■ **What is required**: Since the copy must hold text only, transcribe the data below exactly and omit the images.

■ **Source data**:
[Start of section]

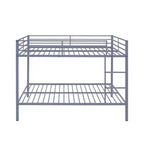 Lit superposé double sur double, cadre de lit superposé en métal robuste, aucun sommier requis, pour les petits espaces, gris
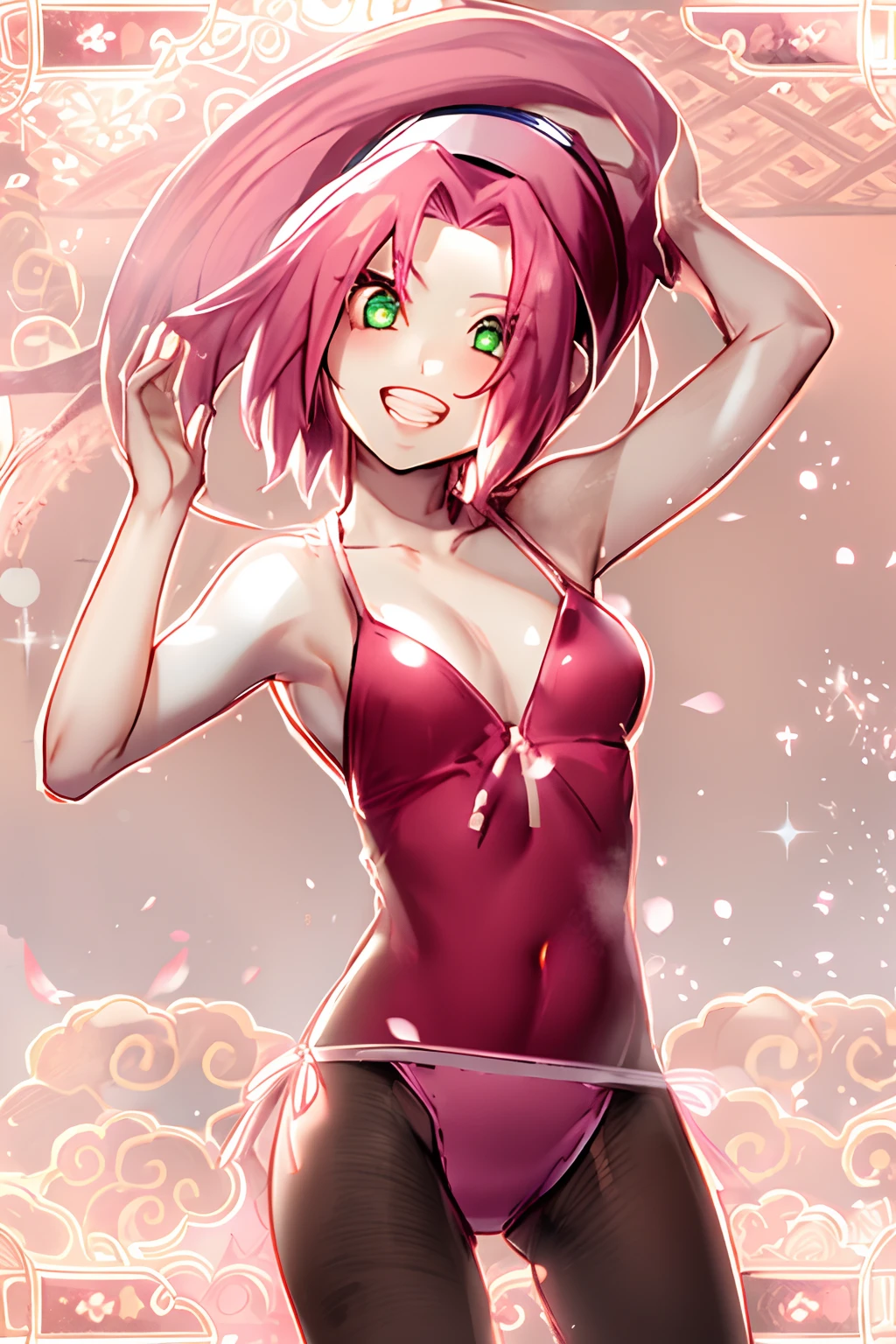 haruno sakura, naruto \(series\), naruto, 1girl, blue headband, breasts, cherry blossoms, green eyes, grin, hair intakes, headband, jacket, long hair, looking at viewer, open mouth, pink hair, red jacket, sketch, sleeveless, sleeveless jacket, small breasts, smile, solo, upper body, portrait, aged down, flat chest, , ((masterpiece))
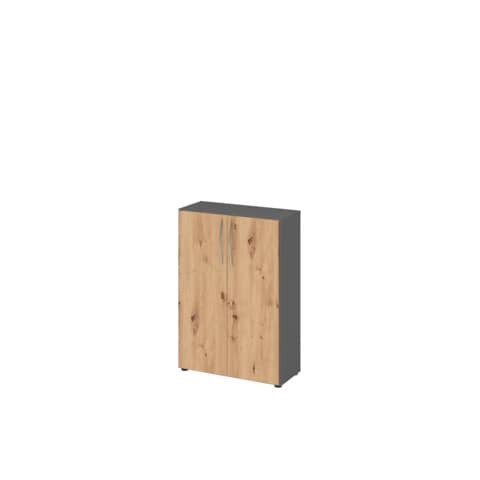 Flügeltürenschrank 3OH Graphit/Asteiche HAMMERBACHER MONT.V4550/G/R/BM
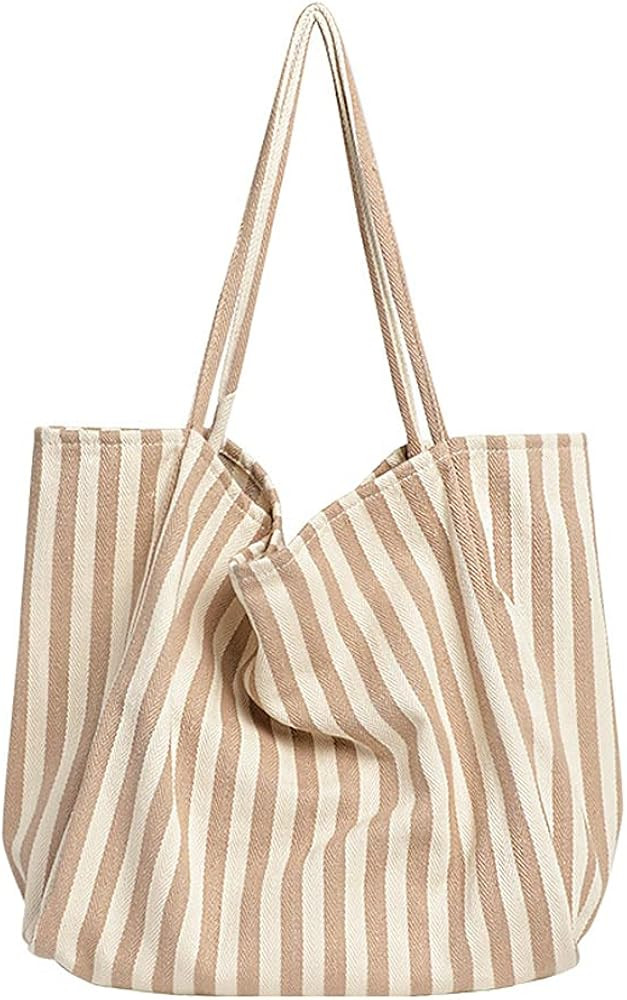 Women's Tote Bag Large Size Canvas Striped Beach Bag Shoulder Bag Hobo Bag Daily Working Handbag Big | Amazon (US)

[End of section]

■ **Answer to this exercise**:
 Lit superposé double sur double, cadre de lit superposé en métal robuste, aucun sommier requis, pour les petits espaces, gris
 haruno sakura, naruto \(series\), naruto, 1girl, blue headband, breasts, cherry blossoms, green eyes, grin, hair intakes, headband, jacket, long hair, looking at viewer, open mouth, pink hair, red jacket, sketch, sleeveless, sleeveless jacket, small breasts, smile, solo, upper body, portrait, aged down, flat chest, , ((masterpiece))
 Flügeltürenschrank 3OH Graphit/Asteiche HAMMERBACHER MONT.V4550/G/R/BM
 Women's Tote Bag Large Size Canvas Striped Beach Bag Shoulder Bag Hobo Bag Daily Working Handbag Big | Amazon (US)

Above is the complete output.